This annual survey is based on responses from key players in the international shipping industry, predominantly shipowners and managers in Europe and Asia. Their responses revealed that vessel operating costs were expected to rise by 2.8% in 2015 and by 3.1% in 2016.
Crew wages were forecast to increase by 2.4% in 2015 and by 2.3% in 2016, with other crew costs thought likely to go up by 2% and 1.9%, respectively for the two years. The cost of repairs and maintenance was expected to rise by 2.3% in 2015 and by 2.4% in 2016, while drydocking expenditure was predicted to increase by 2.6% and 2.3%, respectively.
The cost of H&M insurance was estimated to rise by 1.8% and by 1.9%, respectively, while for P&I insurance, the projected increases were slightly lower at 1.7% and 1.8%, respectively.
Expenditure on spares was forecast to rise by 2.3% in 2015 and by 2.2% in 2016, while for stores, the corresponding projected increases were 1.8% and 1.9%. The increase in outlay for lubricants, meanwhile, was thought to be 1.1% and 1.7% in 2015 and 2016, respectively and that for management fees 1.7% in each of the two years.
For 2016, the tanker sector was predicted to experience the highest level of increases – 3.4% - compared to the overall survey average of 3.1%.
One respondent said,“We expect costs generally to increase as charter rates creep up, although they will probably lag behind the latter.
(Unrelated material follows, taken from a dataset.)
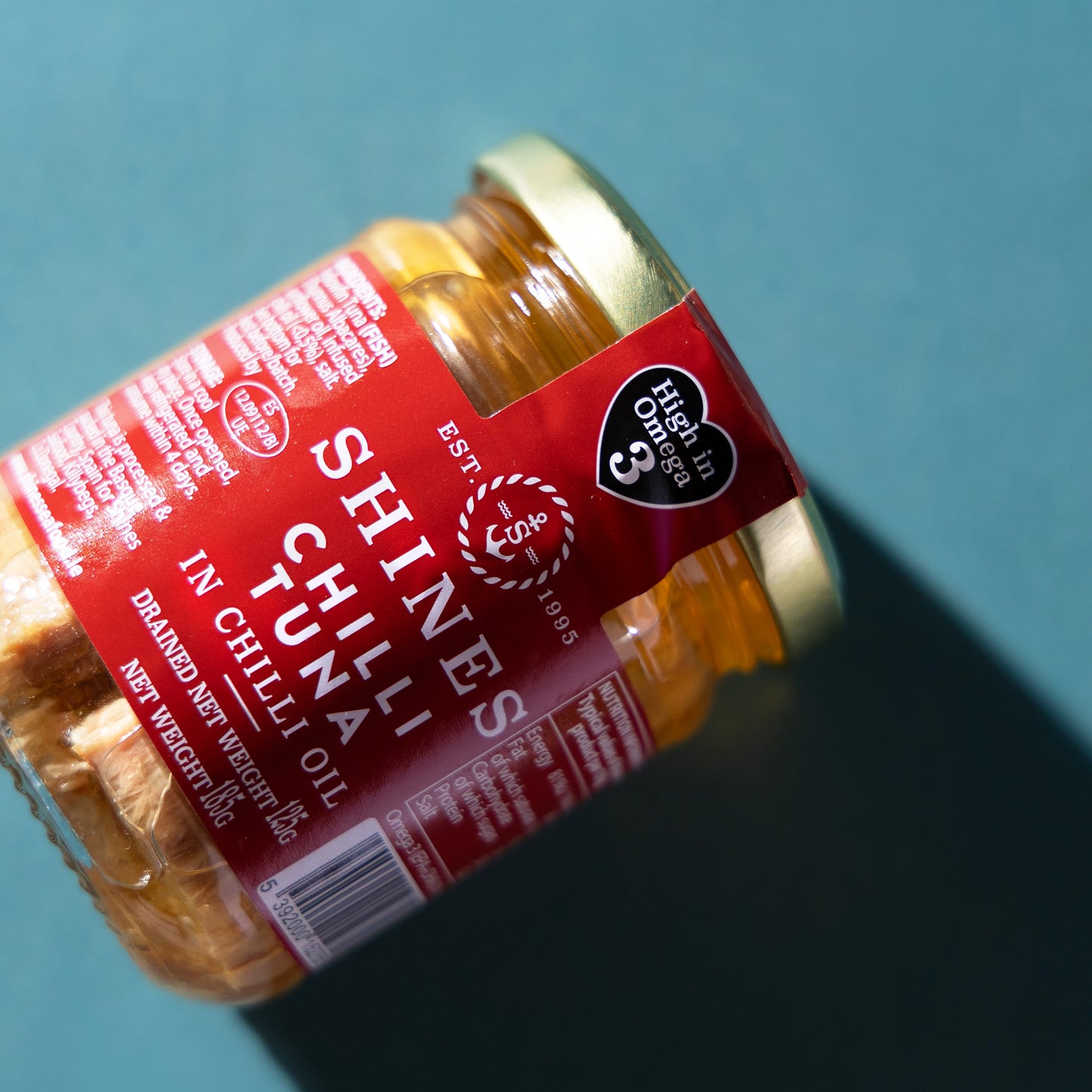 Shines Chilli Tuna in Oil - 185g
With charter rates generally low at present, the provision of services to the shipping industry needs to remain competitive, with suppliers reluctant to put up charges too soon for fear of losing business.”
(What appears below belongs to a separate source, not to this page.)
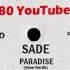 Sade Paradise Dream Time Mix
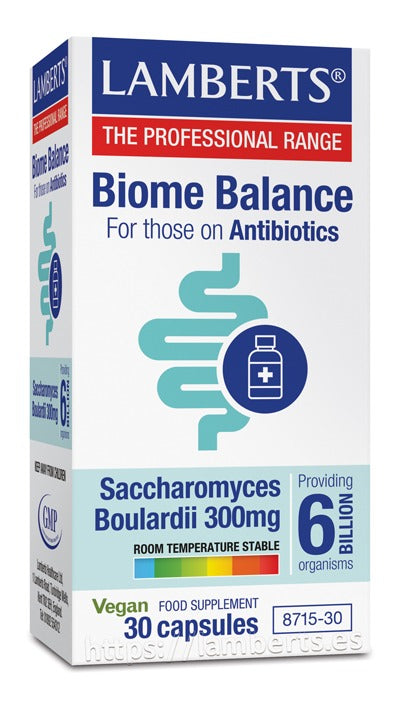 Biome Balance Antibiotics Lamberts 30 capsule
Elsewhere, it was noted,“Future operating costs will increase exponentially due to innumerable new regulations, the low competence of seafarers, the high bargaining power of the oil majors, stricter rules regarding maintenance and repairs carried out in ports, the advent of more sophisticated on board machinery and increasing consolidation in the marine equipment and services sector, resulting in more bargaining power for fewer, larger companies.”
Another respondent highlighted the fact that shipmanagers were under increasing pressure, pointing out,“Overcapacity within the markets is driving charter rates down, owners are facing higher costs to finance vessels, and operators are fighting much harder for cargo. Shipmanagers are now required to look after much more for the same management fees.”
Another emphasised,“Due to the high financial costs involved in operating a newer world fleet and to an over-supply of tonnage and depressed freight markets, there will be increasing pressure to maintain or freeze operating cost levels in order for owners to remain competitive. This is likely to change between 2017 and 2020, however, with significant capital expenditure required for regulatory compliance.”
One respondent predicted,“Crew costs will continue to be the main area of increased operating expenditure,”a sentiment echoed by another, who pointed to the effect of the Maritime Labour Convention 2006 to support this opinion. Elsewhere, however, it was noted, “Crew costs will remain stable because the workforce will always be recruited from cheap countries.”
‘Staggering’ cost increases due to redundancy in electronic navigation and communication equipment, and increased port dues, were among other issues deemed by respondents to be likely to result in an increase in operating costs.
Moore Stephens also asked respondents to identify the three factors that were most likely to influence the level of vessel operating costs over the next 12 months.
Overall, the most significant factors identified were finance costs at 22% (compared to 21% in last year’s survey) and competition also at 22% (up from 18% last time).
Crew supply was in third place with 17% (down 3% on last time), followed by demand trends (down 1% to 16%) and labour costs, unchanged at 13%. The cost of raw materials was cited by 8% of respondents (compared to 10% in last year’s survey) as a factor that would account for an increase in operating costs.
Moore Stephens shipping partner, Richard Greiner, said; “The predicted increases in ship operating costs for this year and next compare to an average fall in 2014 of 0.8% in operating costs across all main ship types recorded in the recent Moore Stephens OpCost report.
Nevertheless, the level of increases anticipated for 2015 and 2016 are low in comparison with many we have witnessed in recent years. Shipping has seen much worse, and prevailed. For example, many of the companies, which endured a 16% rise in operating costs in 2008, are still operating successfully today.
“It is no surprise that crew wages feature near the top of the predicted operating cost increases for both 2015 and 2016, not least because of the entry into force of the Maritime Labour Convention 2006, which mandates the manner in which seafarers must be paid. For shipping, as for every industry, investment in good people will always be money well spent.
“Meanwhile, a government spokesman for the Marshall Islands recently characterised the IMO secretary general as a ‘danger to the planet’ for his alleged failure to endorse more stringent curbs on the shipping industry’s CO2 emissions. This is what Sherlock Holmes might have described as a ‘three-pipe problem’ – politics, gas and competition. It is not an unusual combination in shipping. In the end, however, it is likely to have an impact on the industry’s operating costs and there is no accounting for that, ” he concluded.